Cornell University is seeing an uptick in coronavirus cases and has detected the “highly contagious” omicron variant on campus, particularly in fully vaccinated individuals, according to campus officials.

“Virtually every case of the Omicron variant to date has been found in fully vaccinated students, a portion of whom had also received a booster shot,” Joel M. Malina, the school’s vice president for university relations, said.

On Dec. 13, Cornell’s COVID-19 testing lab found “evidence of the highly contagious Omicron variant in a significant number of Monday’s positive student samples,” university President Martha E. Pollack said in a letter to the campus community.
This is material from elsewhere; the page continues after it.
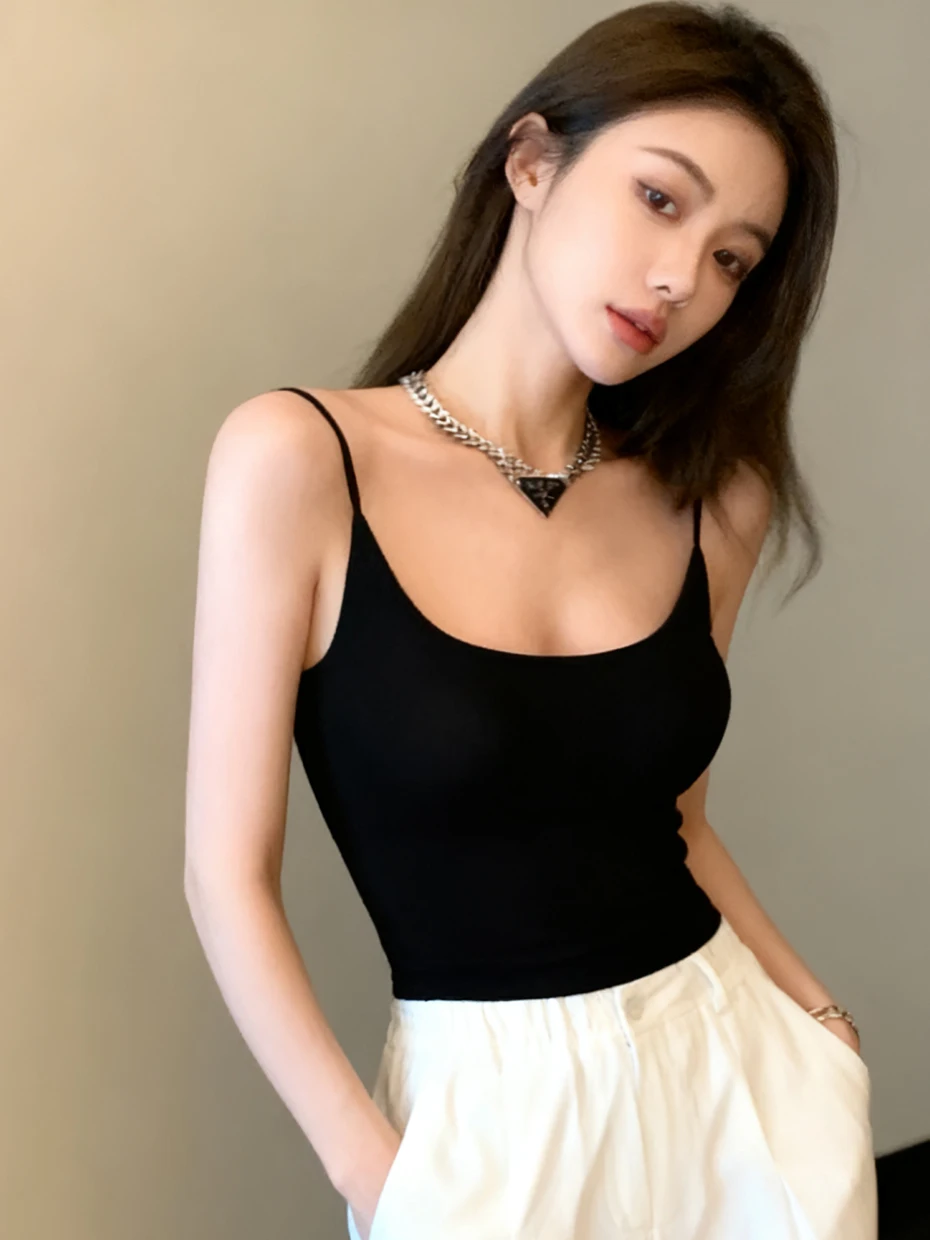 Yoga Integrated Strap Vest Women's Inner Wear with Chest Pad Sexy Back Design Base Layer Hot Girl Top Polyester Fiber High El...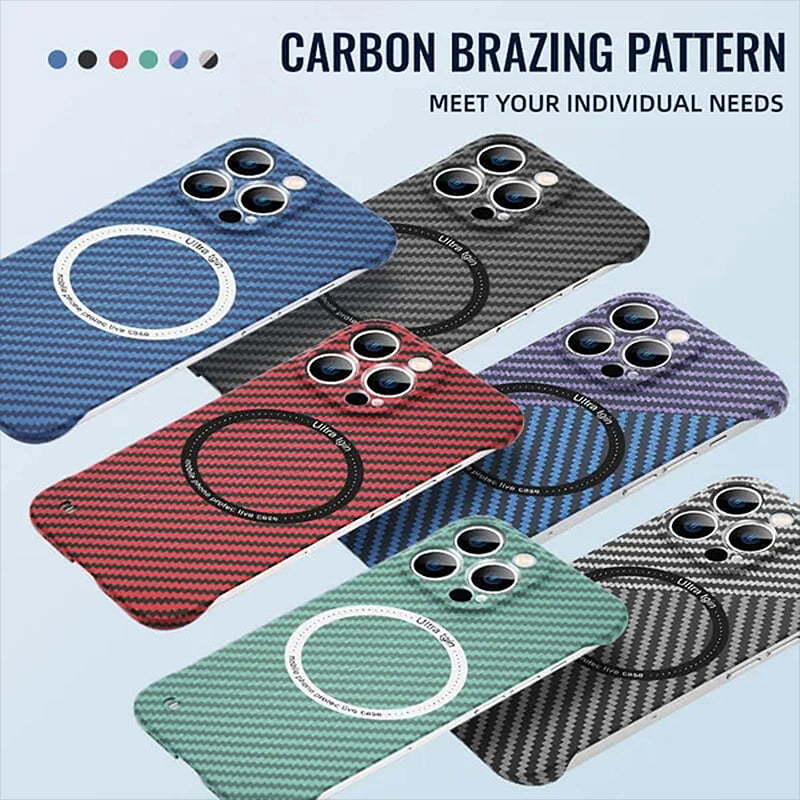 Borderless Carbon Fiber Pattern Magnetic Phone Case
The on-campus population of Cornell is 97% fully vaccinated, according to its virus data tracker that has recorded 26,008 students and 13,311 faculty and staff members who are fully vaccinated.

Pollack noted that the evidence of omicron, first identified by South African researchers on Nov. 24, is “preliminary.”

“PCR testing has identified its hallmark (the so-called S-gene dropout) in a substantial number of virus samples,” Pollack said. “While we must await confirmatory sequencing information to be sure that the source is Omicron, we are proceeding as if it is.”

Malina said that “the presence of the initial Omicron variant coincides with an unusually high degree of transmission among vaccinated students after Thanksgiving travel and at the end of the semester.”

A look at the school’s COVID-19 dashboard shows a big jump in COVID-19 cases from Dec. 7, when 27 positive cases were reported, through Dec. 13, when 276 new positive cases were recorded.

“Increased infections in previously infected, or vaccinated individuals may be likely,” according to findings on the omicron variant from Oxford University in the U.K.

At Cornell, vaccination is required for students attending on-campus classes during the 2021-2022 school year unless they “received a religious or medical exemption.”

“For the past 20 months, Cornell has developed and followed a science-based approach to COVID-19 decision-making – including ongoing modeling and surveillance testing – that has helped us to identify positive cases early and, in concert with local public health officials, minimize the spread of the virus among our campus and the greater Ithaca communities,” Malina said.